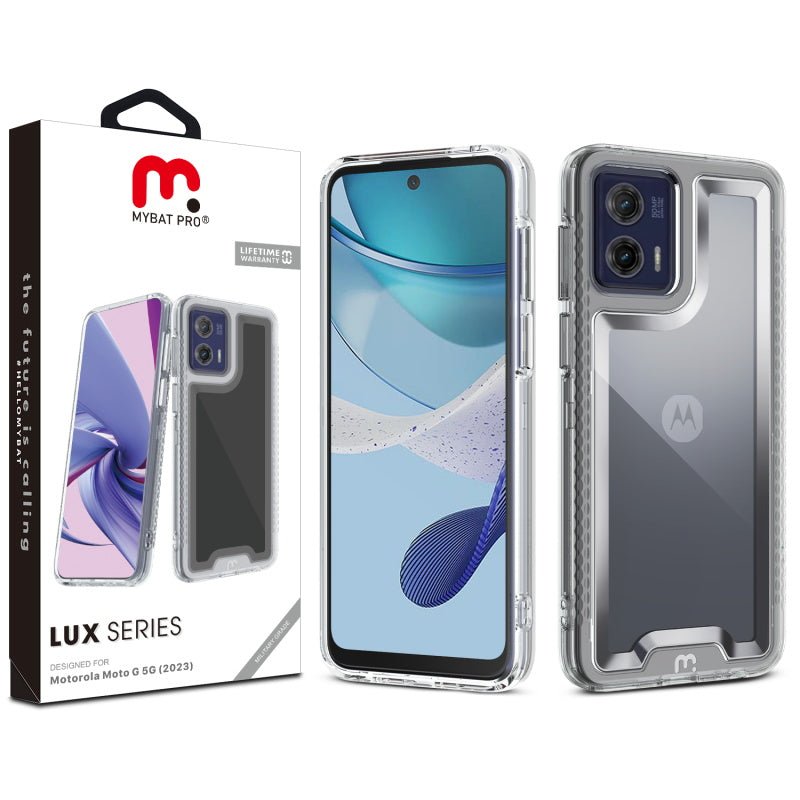 MyBat Pro Lux Series Case for Motorola Moto G 5G (2023)Moto G 5G 2023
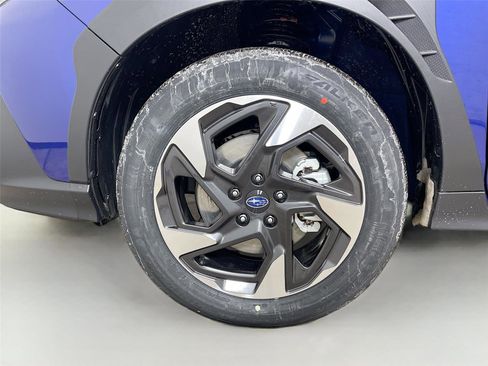 New 2026 Subaru Crosstrek 2.5i Limited image 30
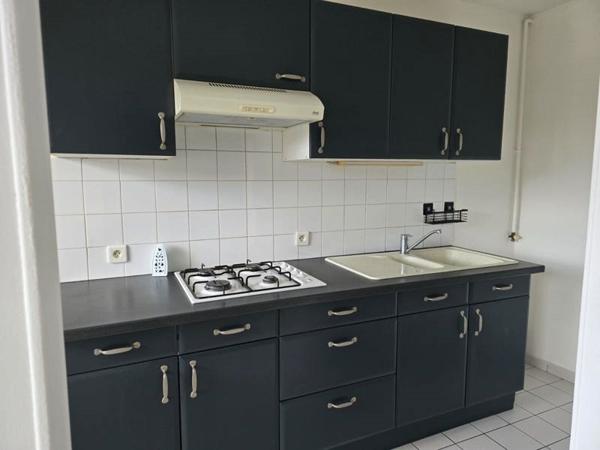 Appartement à vendre |  Montluçon |  1 pièce | 32,9 m²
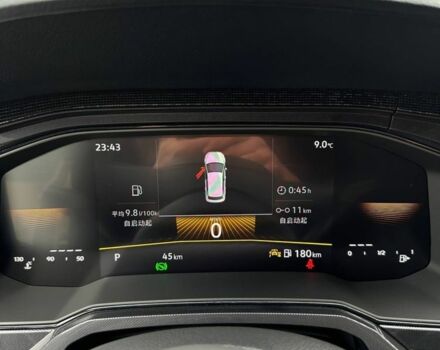 Фольксваген Джетта 2025 у Львові на Automoto.ua Білий Фольксваген Джетта, об'ємом двигуна 1.5 л та пробігом 1 тис. км за 20000 $, фото 11 на Automoto.ua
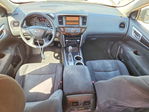 Nissan Pathfinder 2016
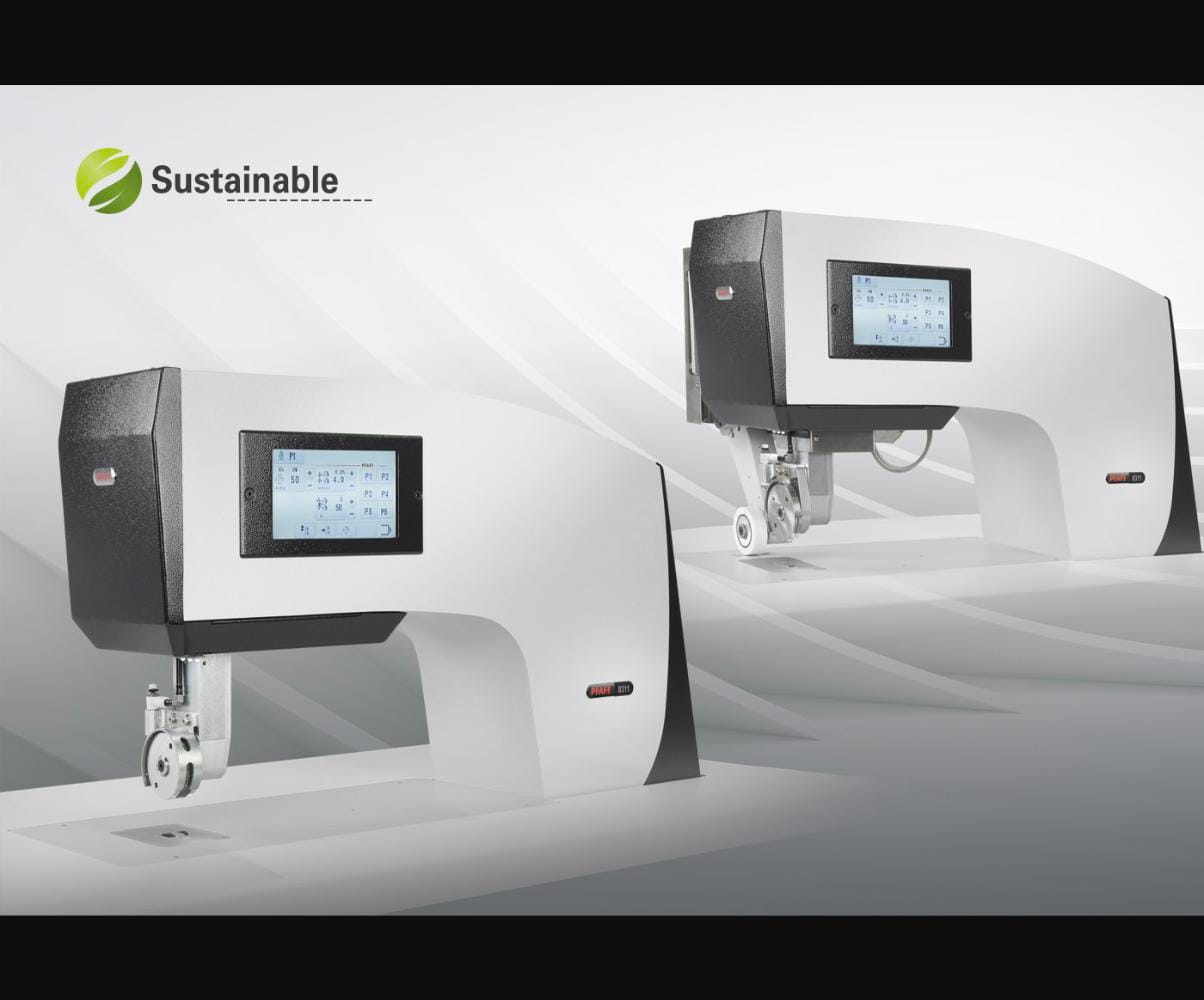 PFAFF 8311-001-002 máquina de soldar por ultrasonidos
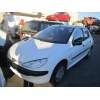 peugeot 206 del año 2002
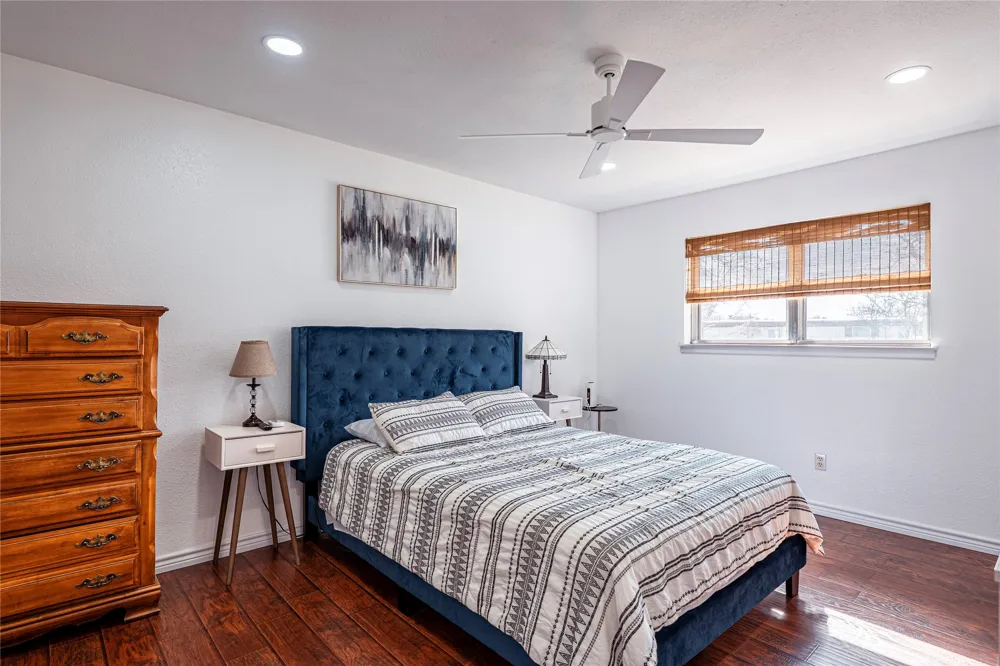 9608 County Road 203 Road Breckenridge, TX 76424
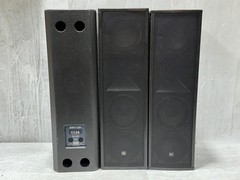 KV2 Audio ESD36 Triple 6″ 3 Way Passive Full Range speaker #6091 (One) THS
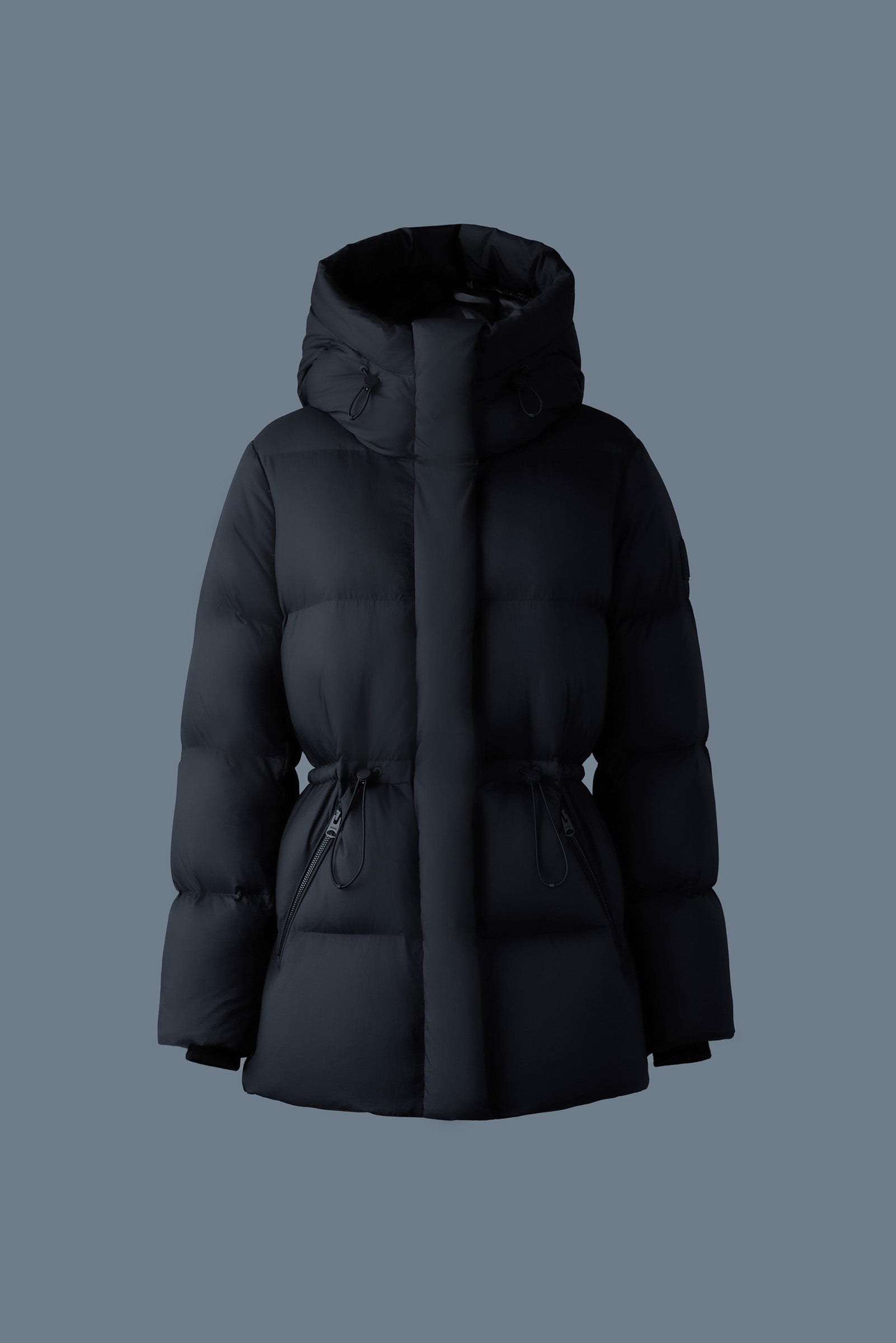 Mackage down jacket womens 2025
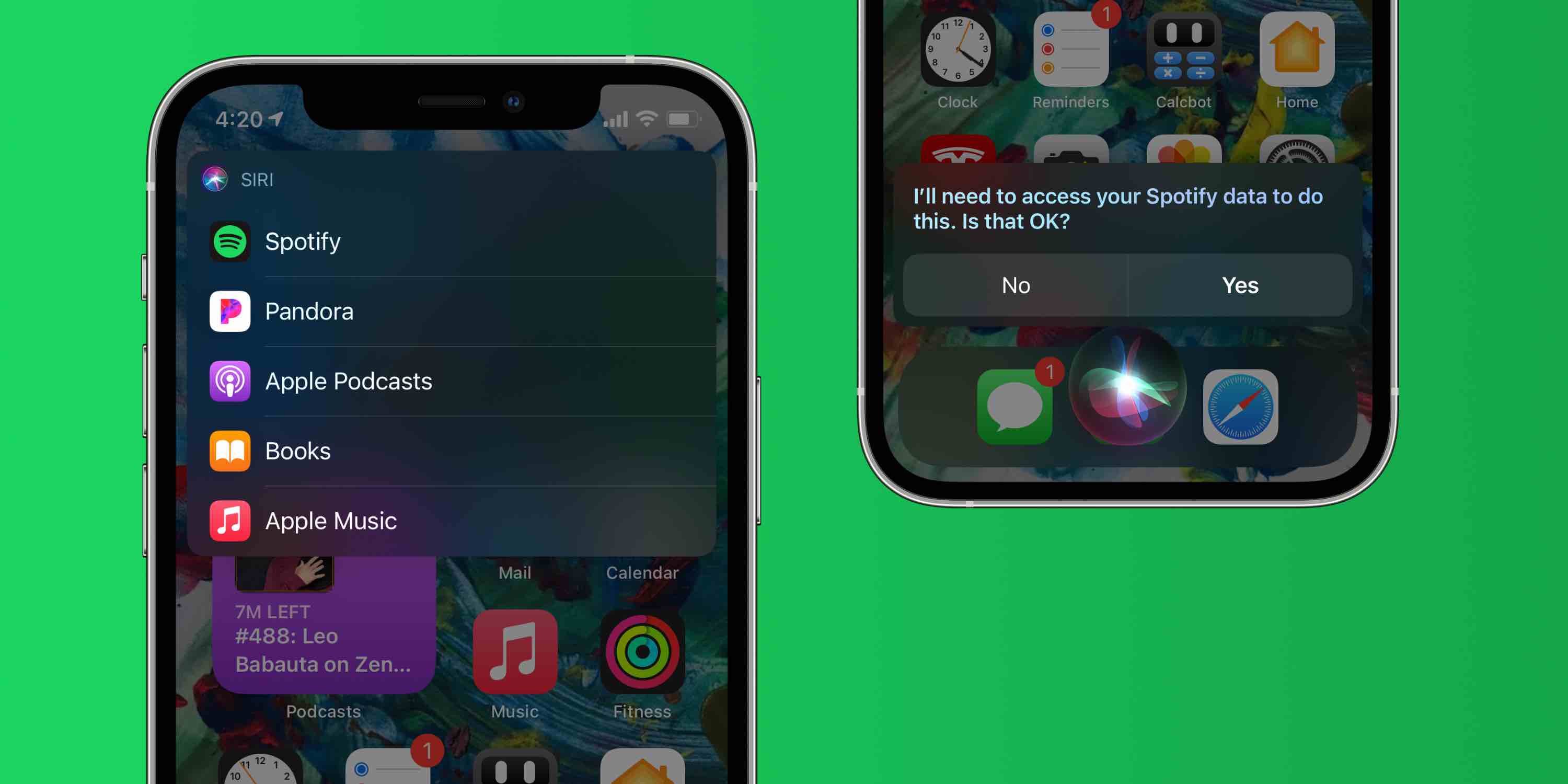 How To Unlock Siri PRO on Your iPhone ! 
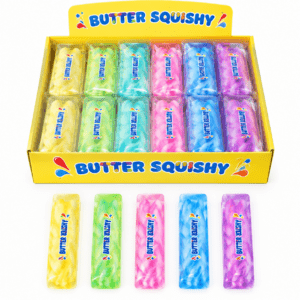 Maltose Ribbon Butter Stick Großhandel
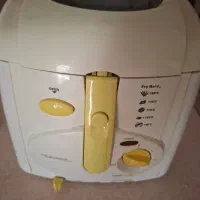 سرخ کن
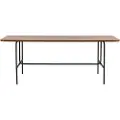 Venture Home Venture HomeSpisebord UnoBrunSpisebordFra Homeroom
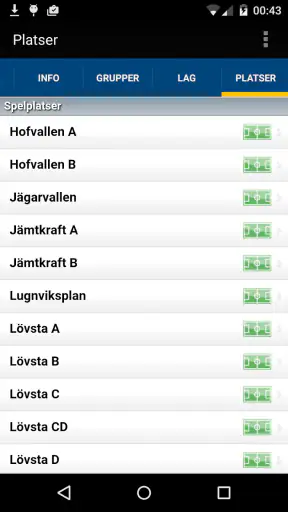 Storsjöcupen screenshot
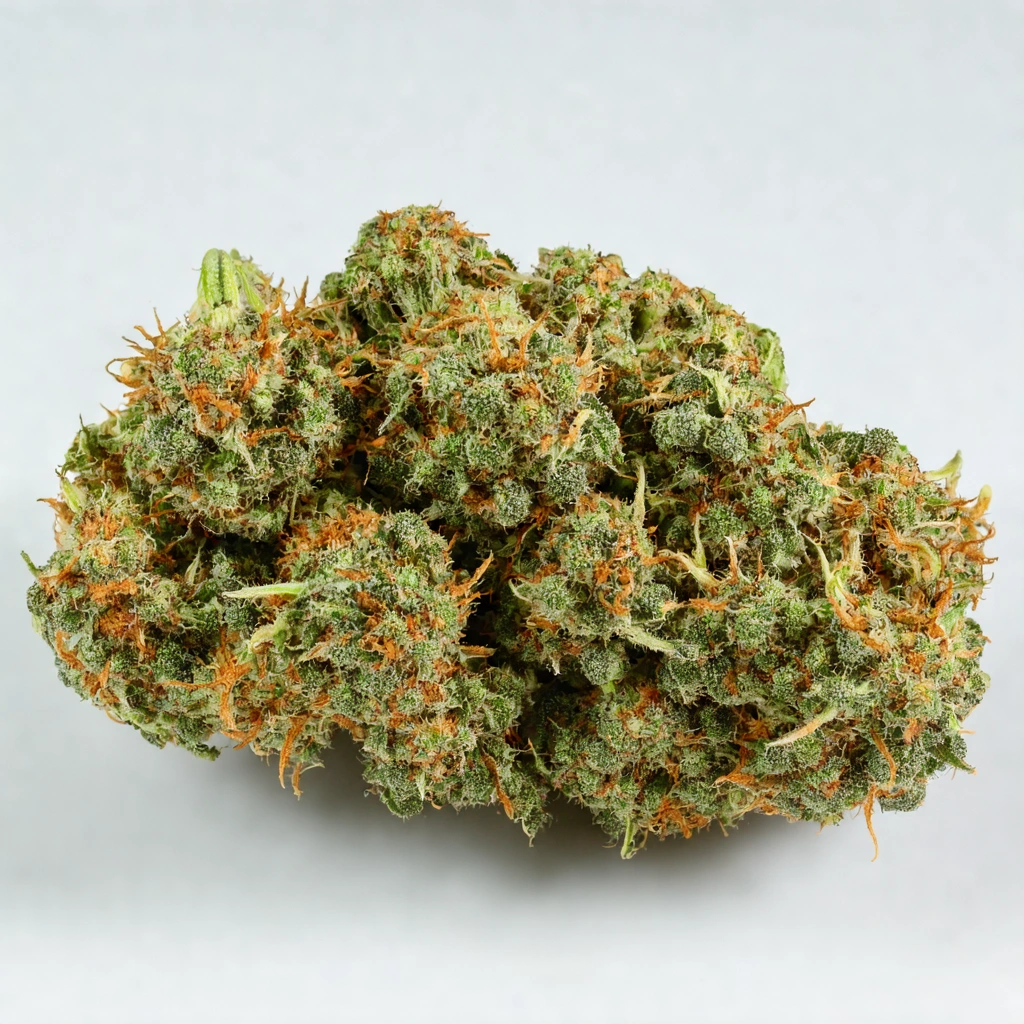 American Pie Hybrid Cannabis Strain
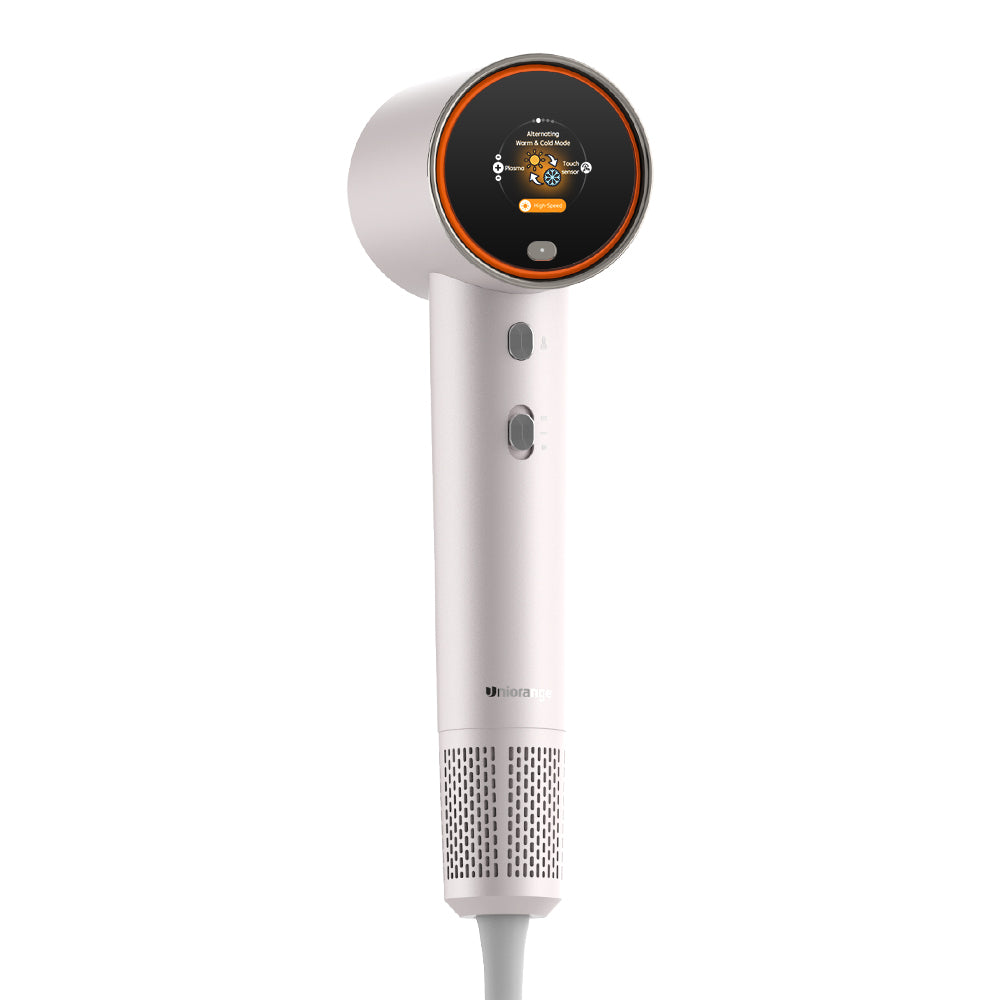 ·Uniorange Plasma High Speed Hair Dryer H6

### Task item
Working from the line that contains "Maltose Ribbon Butter Stick Großhandel" to the last line of the listing, please quote each line exactly, pictures excluded.

### Response to this task
 Maltose Ribbon Butter Stick Großhandel
 سرخ کن
 Venture Home Venture HomeSpisebord UnoBrunSpisebordFra Homeroom
 Storsjöcupen screenshot
 American Pie Hybrid Cannabis Strain
 ·Uniorange Plasma High Speed Hair Dryer H6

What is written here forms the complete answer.